Nor was the prophet distinctive in blessing or cursing the people. That was Bilam’s gift, not Isaiah’s or Jeremiah’s. In Judaism, blessing comes through priests, not prophets.

Several things made the prophets unique. The first was his or her sense of history. The prophets were the first people to see God in history. We tend to take our sense of time for granted. Time happens. Time flows. As the saying goes: time is God’s way of keeping everything from happening at once. But actually there are several ways of relating to time, and different civilizations have perceived it differently.

There is cyclical time: time as the slow turning of the seasons, or the cycle of birth, growth, decline and death. Cyclical time is time as it occurs in nature. Some trees have long lives; most fruit flies have short ones. But all that lives, dies. The species endure; individual members do not. Kohelet contains the most famous expression of cyclical time in Judaism: “The sun rises and the sun sets, and hurries back to where it rises. The wind blows to the south and turns to the north; round and round it goes, ever returning on its course … What has been done will be done again; there is nothing new under the sun.”

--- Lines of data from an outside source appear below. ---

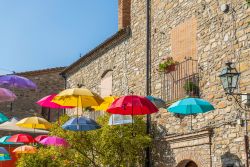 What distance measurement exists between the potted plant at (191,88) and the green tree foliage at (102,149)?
2.00 metres

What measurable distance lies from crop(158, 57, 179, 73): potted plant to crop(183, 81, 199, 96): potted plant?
114cm

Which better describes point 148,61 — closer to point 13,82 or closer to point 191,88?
point 191,88

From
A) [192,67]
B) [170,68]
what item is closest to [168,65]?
[170,68]

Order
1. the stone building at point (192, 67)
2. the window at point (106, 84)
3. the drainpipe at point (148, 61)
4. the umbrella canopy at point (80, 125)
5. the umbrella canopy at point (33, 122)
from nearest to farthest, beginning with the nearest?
1. the stone building at point (192, 67)
2. the umbrella canopy at point (80, 125)
3. the drainpipe at point (148, 61)
4. the umbrella canopy at point (33, 122)
5. the window at point (106, 84)

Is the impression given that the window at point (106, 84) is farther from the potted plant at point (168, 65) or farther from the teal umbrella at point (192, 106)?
the teal umbrella at point (192, 106)

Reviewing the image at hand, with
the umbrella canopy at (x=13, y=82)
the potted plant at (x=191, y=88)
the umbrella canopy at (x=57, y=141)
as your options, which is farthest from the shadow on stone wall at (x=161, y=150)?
the umbrella canopy at (x=13, y=82)

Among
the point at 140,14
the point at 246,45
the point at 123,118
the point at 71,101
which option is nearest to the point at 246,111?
the point at 246,45

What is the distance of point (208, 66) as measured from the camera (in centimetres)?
1112

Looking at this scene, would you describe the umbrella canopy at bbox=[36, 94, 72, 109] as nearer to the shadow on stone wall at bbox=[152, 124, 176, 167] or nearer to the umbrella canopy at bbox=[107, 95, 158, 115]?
the umbrella canopy at bbox=[107, 95, 158, 115]

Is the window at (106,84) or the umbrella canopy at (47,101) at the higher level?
the window at (106,84)

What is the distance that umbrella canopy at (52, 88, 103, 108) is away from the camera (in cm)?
1039

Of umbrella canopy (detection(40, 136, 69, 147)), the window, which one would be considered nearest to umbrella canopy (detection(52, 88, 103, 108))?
umbrella canopy (detection(40, 136, 69, 147))

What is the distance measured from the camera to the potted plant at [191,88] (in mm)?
11414

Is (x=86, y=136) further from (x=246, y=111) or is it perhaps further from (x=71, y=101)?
(x=246, y=111) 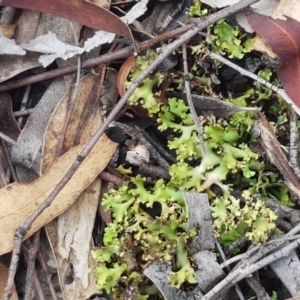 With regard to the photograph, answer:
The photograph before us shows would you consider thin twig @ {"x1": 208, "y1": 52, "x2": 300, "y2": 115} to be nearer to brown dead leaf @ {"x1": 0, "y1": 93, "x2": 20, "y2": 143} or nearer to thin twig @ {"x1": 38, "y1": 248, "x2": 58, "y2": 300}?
brown dead leaf @ {"x1": 0, "y1": 93, "x2": 20, "y2": 143}

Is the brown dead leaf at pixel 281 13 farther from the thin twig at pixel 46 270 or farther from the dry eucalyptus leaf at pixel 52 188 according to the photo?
the thin twig at pixel 46 270

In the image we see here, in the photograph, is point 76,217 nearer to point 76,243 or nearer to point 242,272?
point 76,243

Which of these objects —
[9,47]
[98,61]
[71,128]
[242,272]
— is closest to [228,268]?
[242,272]

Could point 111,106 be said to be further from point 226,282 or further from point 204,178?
point 226,282

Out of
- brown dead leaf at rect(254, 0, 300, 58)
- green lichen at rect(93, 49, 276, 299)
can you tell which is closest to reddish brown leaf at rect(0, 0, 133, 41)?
green lichen at rect(93, 49, 276, 299)

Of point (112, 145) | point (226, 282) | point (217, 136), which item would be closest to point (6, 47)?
point (112, 145)

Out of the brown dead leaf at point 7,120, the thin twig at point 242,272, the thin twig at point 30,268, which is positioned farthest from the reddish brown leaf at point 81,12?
the thin twig at point 242,272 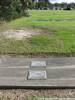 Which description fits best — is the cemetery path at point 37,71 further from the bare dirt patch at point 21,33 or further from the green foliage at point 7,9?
the green foliage at point 7,9

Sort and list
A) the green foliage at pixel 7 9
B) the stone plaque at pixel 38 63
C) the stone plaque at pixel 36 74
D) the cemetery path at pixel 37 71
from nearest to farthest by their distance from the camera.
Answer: the cemetery path at pixel 37 71 < the stone plaque at pixel 36 74 < the stone plaque at pixel 38 63 < the green foliage at pixel 7 9

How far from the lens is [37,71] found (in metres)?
8.03

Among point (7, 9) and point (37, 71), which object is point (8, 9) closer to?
point (7, 9)

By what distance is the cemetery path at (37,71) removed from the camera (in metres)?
6.82

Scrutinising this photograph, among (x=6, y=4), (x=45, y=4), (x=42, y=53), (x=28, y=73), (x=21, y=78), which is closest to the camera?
(x=21, y=78)

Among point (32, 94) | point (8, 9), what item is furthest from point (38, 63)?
point (8, 9)

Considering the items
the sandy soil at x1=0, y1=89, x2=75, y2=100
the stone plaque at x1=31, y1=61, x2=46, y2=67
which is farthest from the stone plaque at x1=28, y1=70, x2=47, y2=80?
the sandy soil at x1=0, y1=89, x2=75, y2=100

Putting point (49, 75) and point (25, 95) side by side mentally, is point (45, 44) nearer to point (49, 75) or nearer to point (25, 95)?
point (49, 75)

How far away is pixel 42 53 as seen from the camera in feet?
35.2

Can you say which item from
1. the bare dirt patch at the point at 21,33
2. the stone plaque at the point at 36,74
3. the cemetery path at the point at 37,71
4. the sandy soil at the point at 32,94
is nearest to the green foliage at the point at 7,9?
the bare dirt patch at the point at 21,33

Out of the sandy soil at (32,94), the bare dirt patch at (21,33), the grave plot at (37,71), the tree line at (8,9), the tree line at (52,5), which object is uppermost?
the sandy soil at (32,94)

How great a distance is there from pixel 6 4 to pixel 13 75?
23.0m

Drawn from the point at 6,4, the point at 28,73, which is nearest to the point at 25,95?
the point at 28,73

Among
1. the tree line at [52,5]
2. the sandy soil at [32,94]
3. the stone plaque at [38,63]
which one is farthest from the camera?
the tree line at [52,5] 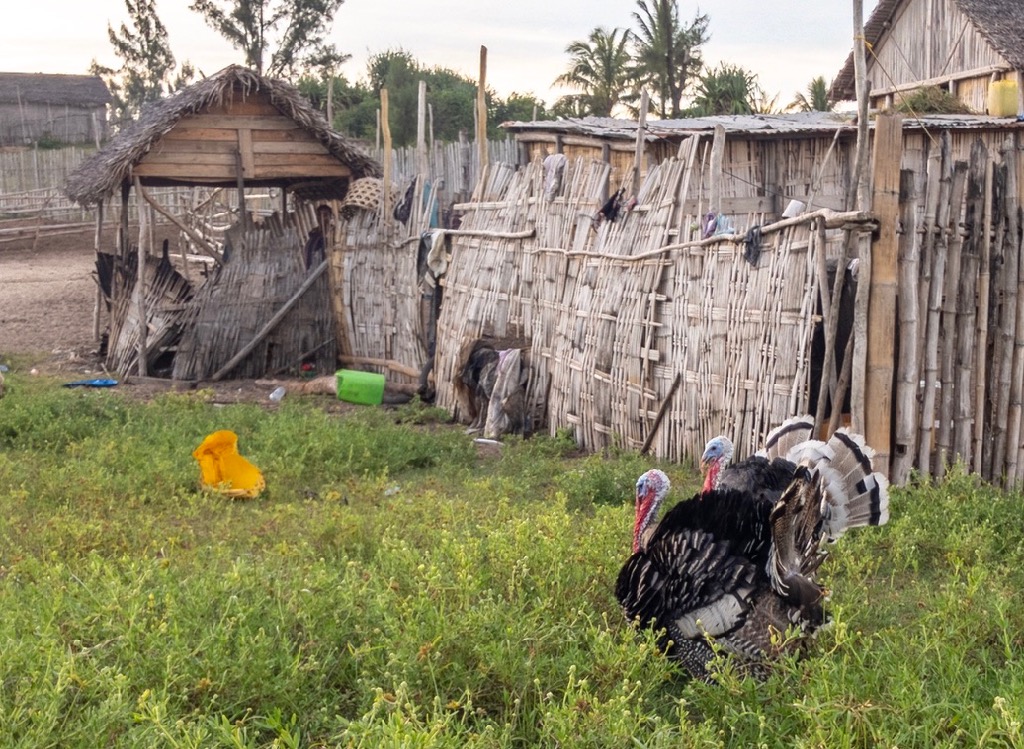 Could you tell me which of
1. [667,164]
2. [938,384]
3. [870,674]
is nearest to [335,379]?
[667,164]

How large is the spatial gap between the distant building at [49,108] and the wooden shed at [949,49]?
27397 millimetres

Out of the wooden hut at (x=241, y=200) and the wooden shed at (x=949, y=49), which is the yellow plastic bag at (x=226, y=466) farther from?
the wooden shed at (x=949, y=49)

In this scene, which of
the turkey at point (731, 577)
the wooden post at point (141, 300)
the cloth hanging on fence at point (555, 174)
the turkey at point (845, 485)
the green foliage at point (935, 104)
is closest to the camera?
the turkey at point (731, 577)

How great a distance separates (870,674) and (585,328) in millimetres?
5161


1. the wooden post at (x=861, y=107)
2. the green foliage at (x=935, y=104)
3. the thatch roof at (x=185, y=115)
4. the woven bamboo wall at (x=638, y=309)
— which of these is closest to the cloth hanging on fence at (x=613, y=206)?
the woven bamboo wall at (x=638, y=309)

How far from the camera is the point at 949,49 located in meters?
19.7

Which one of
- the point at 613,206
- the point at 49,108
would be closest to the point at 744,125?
the point at 613,206

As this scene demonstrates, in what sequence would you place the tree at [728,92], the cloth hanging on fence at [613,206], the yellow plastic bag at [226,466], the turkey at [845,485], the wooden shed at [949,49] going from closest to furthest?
the turkey at [845,485] → the yellow plastic bag at [226,466] → the cloth hanging on fence at [613,206] → the wooden shed at [949,49] → the tree at [728,92]

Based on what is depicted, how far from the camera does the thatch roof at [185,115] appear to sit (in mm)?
11812

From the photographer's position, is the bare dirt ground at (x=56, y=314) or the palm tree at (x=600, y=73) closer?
the bare dirt ground at (x=56, y=314)

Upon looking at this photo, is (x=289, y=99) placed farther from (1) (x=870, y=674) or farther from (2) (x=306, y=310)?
(1) (x=870, y=674)

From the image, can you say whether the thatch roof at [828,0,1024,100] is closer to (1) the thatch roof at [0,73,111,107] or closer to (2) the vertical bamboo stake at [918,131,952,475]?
(2) the vertical bamboo stake at [918,131,952,475]

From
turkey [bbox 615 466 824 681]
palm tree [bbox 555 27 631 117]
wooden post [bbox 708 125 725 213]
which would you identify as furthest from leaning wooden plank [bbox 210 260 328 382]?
palm tree [bbox 555 27 631 117]

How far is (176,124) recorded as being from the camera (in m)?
12.2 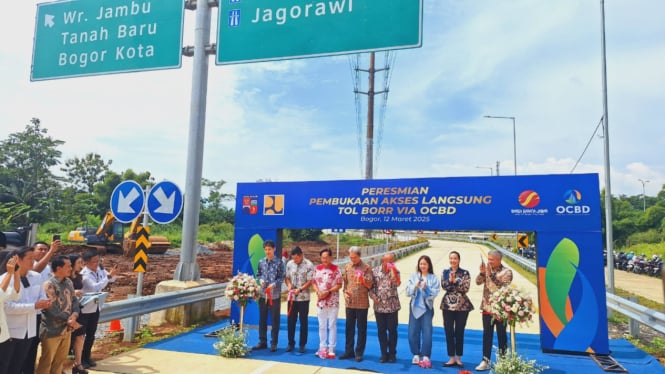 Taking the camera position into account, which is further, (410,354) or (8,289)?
(410,354)

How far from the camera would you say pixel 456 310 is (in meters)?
6.41

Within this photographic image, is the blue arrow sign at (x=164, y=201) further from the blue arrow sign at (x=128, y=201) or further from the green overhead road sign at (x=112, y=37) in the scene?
the green overhead road sign at (x=112, y=37)

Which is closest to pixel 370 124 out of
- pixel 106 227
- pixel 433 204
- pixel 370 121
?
pixel 370 121

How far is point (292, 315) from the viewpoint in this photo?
716 centimetres

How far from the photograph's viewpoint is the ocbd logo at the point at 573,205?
7.05 metres

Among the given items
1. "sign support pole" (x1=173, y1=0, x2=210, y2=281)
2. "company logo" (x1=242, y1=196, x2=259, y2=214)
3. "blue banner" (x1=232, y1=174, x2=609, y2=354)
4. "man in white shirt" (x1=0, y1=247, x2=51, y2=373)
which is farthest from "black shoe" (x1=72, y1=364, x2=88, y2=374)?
"company logo" (x1=242, y1=196, x2=259, y2=214)

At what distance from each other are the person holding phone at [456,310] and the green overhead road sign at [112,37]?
5839 mm

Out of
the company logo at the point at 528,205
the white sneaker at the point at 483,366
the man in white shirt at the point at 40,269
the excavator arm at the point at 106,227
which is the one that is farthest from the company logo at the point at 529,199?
the excavator arm at the point at 106,227

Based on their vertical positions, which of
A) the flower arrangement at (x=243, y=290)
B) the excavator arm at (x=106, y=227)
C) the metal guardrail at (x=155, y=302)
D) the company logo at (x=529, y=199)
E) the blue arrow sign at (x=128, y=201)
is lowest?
the metal guardrail at (x=155, y=302)

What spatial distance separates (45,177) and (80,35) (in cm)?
4744

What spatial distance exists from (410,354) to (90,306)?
15.3 feet

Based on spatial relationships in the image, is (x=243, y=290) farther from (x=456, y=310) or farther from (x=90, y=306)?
(x=456, y=310)

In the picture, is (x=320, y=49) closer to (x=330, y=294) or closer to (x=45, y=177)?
(x=330, y=294)

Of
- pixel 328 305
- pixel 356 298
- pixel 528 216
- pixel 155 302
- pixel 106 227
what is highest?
pixel 528 216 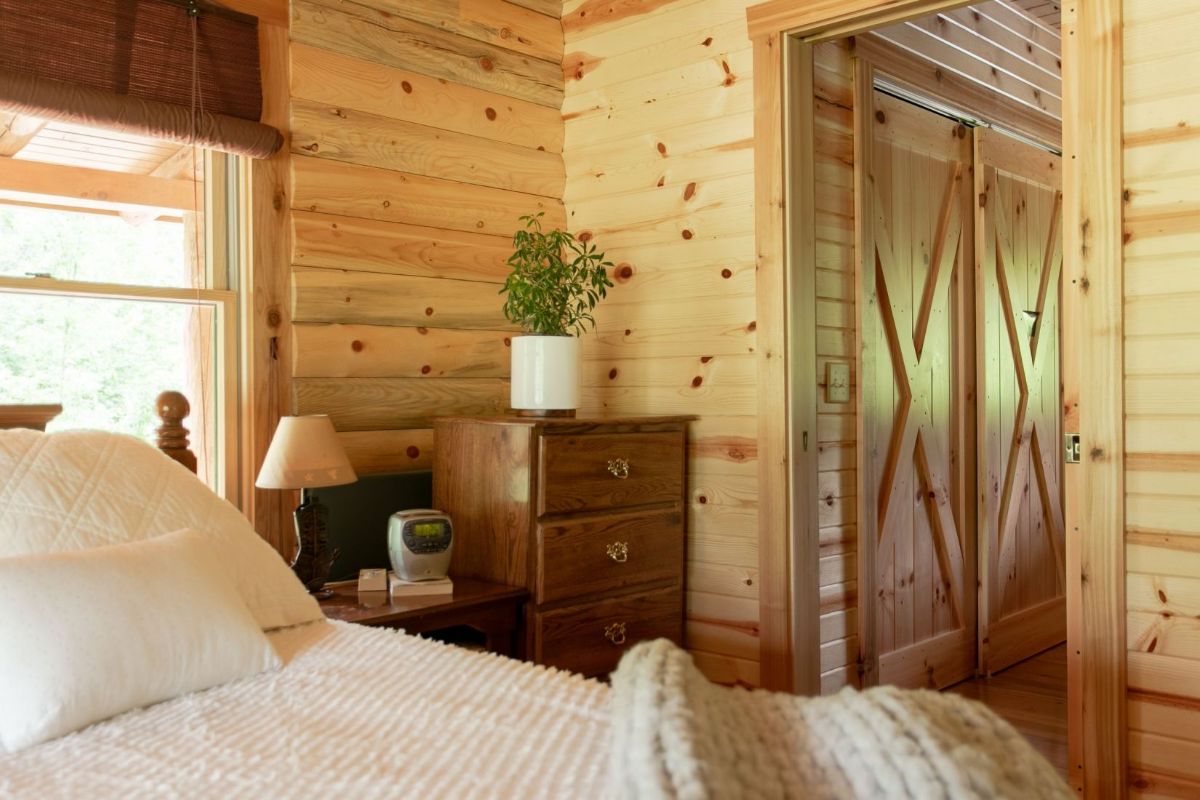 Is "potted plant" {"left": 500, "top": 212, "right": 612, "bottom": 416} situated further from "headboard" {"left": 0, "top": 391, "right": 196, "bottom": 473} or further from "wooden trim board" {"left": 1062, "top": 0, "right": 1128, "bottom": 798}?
"wooden trim board" {"left": 1062, "top": 0, "right": 1128, "bottom": 798}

Then there is linear time: time as an inexorable sequence of cause and effect. The French astronomer Pierre-Simon Laplace gave this idea its most famous expression in 1814 when he said that if you “know all forces that set nature in motion, and all positions of all items of which nature is composed,” together with all the laws of physics and chemistry, then “nothing would be uncertain and the future just like the past would be present” before your eyes. When applied to society and history, this is known as historical inevitability.

Finally there is time as a mere sequence of events with no underlying plot or theme. This leads to the kind of historical writing pioneered by the scholars of ancient Greece, Herodotus and Thucydides.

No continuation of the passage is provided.